Joining the SEC before the 2012-13 academic year has meant a lot of different things for Missouri, not the least of which is the whopping infusions of cash from ESPN and ticket buyers. Another significant one is the recruiting gateway it has opened into the Southeast.
“There’s a lot of great players in the SEC states,” Missouri coach Gary Pinkel said Sunday on a teleconference. “We’re actively recruiting there, too, now. It takes a little bit of time to earn trust, but hopefully a season like this will help us and earn some respect, which you have to earn. Hopefully we’ll be able to do that.”
Brown, whose North Gwinnett team plays in the Class AAAAAA state semifinals Friday, said that, a year ago, he would never have even thought of committing to Missouri. But the relationship that developed with Grinch, Missouri’s business school and his visit to campus in Columbia, Mo., helped win him over.
“I also wanted to play in the SEC,” he said. “Combining all those factors, they were the best fit for me.”
The SEC card is not an insignificant one.
“Anytime you’re in the SEC, it helps you in terms of recruiting, just because the kids, they like the SEC,” said Tucker High coach Bryan Lamar, whose team is one of the more consistent producers of Division I talent in the state.
Missouri’s roster consists primarily of players from Missouri and Texas.
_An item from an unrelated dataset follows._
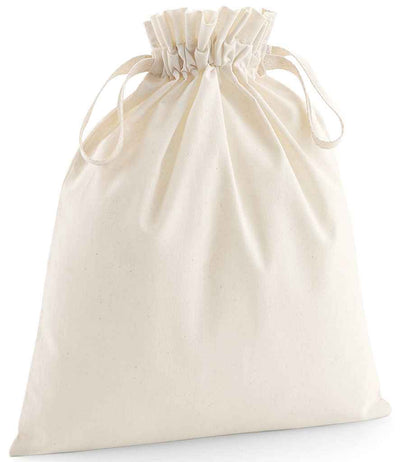 Westford Mill Organic Cotton Drawcord Bag natural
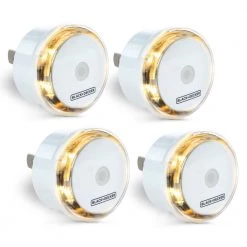 LED Night Light Plug-In with Photocell Sensor, 2.5 Lumens (4-Pack) Outlet Room Lights by BLACK+DECKER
The Tigers have three players from Georgia — freshman quarterback Eddie Printz from Lassiter High and two walk-on offensive linemen, Justin Grava and John Reid, both from Johns Creek. The commitment list for the 2014 class gives a sense of the impact of the school jumping from the Big 12 to the SEC. The 25-player list, according to recruiting service Rivals, includes 12 players from Georgia, Florida and Tennessee. The Tigers’ entire roster has eight players from those three states.
What coach has influenced Missouri’s success in the Southeast?
Nick Saban, naturally. Since making the decision to join the SEC, Pinkel has fortified his recruiting staff, following the example set by the Alabama coach.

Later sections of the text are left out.